When did this whole 8th inning phenomenon start? When did the Yankees, their fans and anyone associated with the team decide that the 8th inning was of such paramount importance that the team needs one reliever dedicated to the 8th inning and only the 8th inning?

Maybe it started with Joba in 2007, Kyle Farnsworth in 2006, Tom Gordon after the 2004 ALCS or Steve Karsay’s injury in 2003 after a very effective 2002. Maybe it started when Jeff Nelson left the Yanks after 2001 and Mike Stanton followed suit after 2002. No matter the cause, it’s an unnecessary obsession that can limit the Yanks’ flexibility in ways it shouldn’t.

Two bits of news from yesterday’s game and the subsequent post-game interviews reveal the dichotomies of the 8th inning. If ever there was a game for an 8th Inning Guy, yesterday was it. The Yanks had a two-run lead, and the Mariners were about to send their 9-1-2 guys up to the plate. As it happened, these hitters were also R-L-L, and the Yankees, instead of going to Brian Bruney, the anointed 8th Inning Guy, played the match-ups perfectly.

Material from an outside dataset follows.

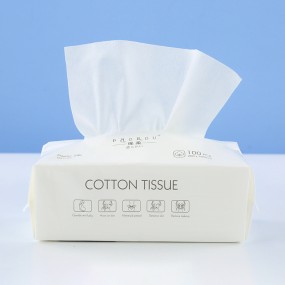 Facial Tissue Manufacturer - Baorou 50 GSM Wet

Al Aceves, ace reliever, started the inning. Ronnie Cedeno flew out, and Girardi pulled Aceves for Phil Coke, a lefty who is death on lefties. Coke got Ichiro to ground out and Russell Branyan to strike out. (With that appearance, by the way, lefties are now hitting just .188/.214/.406 with 19 K’s in 70 plate appearances against Coke. Damaso who?)

After the game, though, Girardi was singing a different tune. Per M.A. Mehta:

“He’s our eighth inning guy right now,” Girardi said. “We expect him to pitch better. I know he has not pitched great since he’s come back off the DL. He’s had some good outings and he’s had some tough outings. … He’s had success in that role. He’s struggling a little bit right now.”

“I know he doesn’t have a track record of a Tex or and an Alex or some of the other players that we have,” Girardi added. “But we didn’t panic with them. And we’re not going to panic with Brian Bruney. Obviously, you do have to perform and we expect you to perform at a high level. If you don’t, you do make adjustments.”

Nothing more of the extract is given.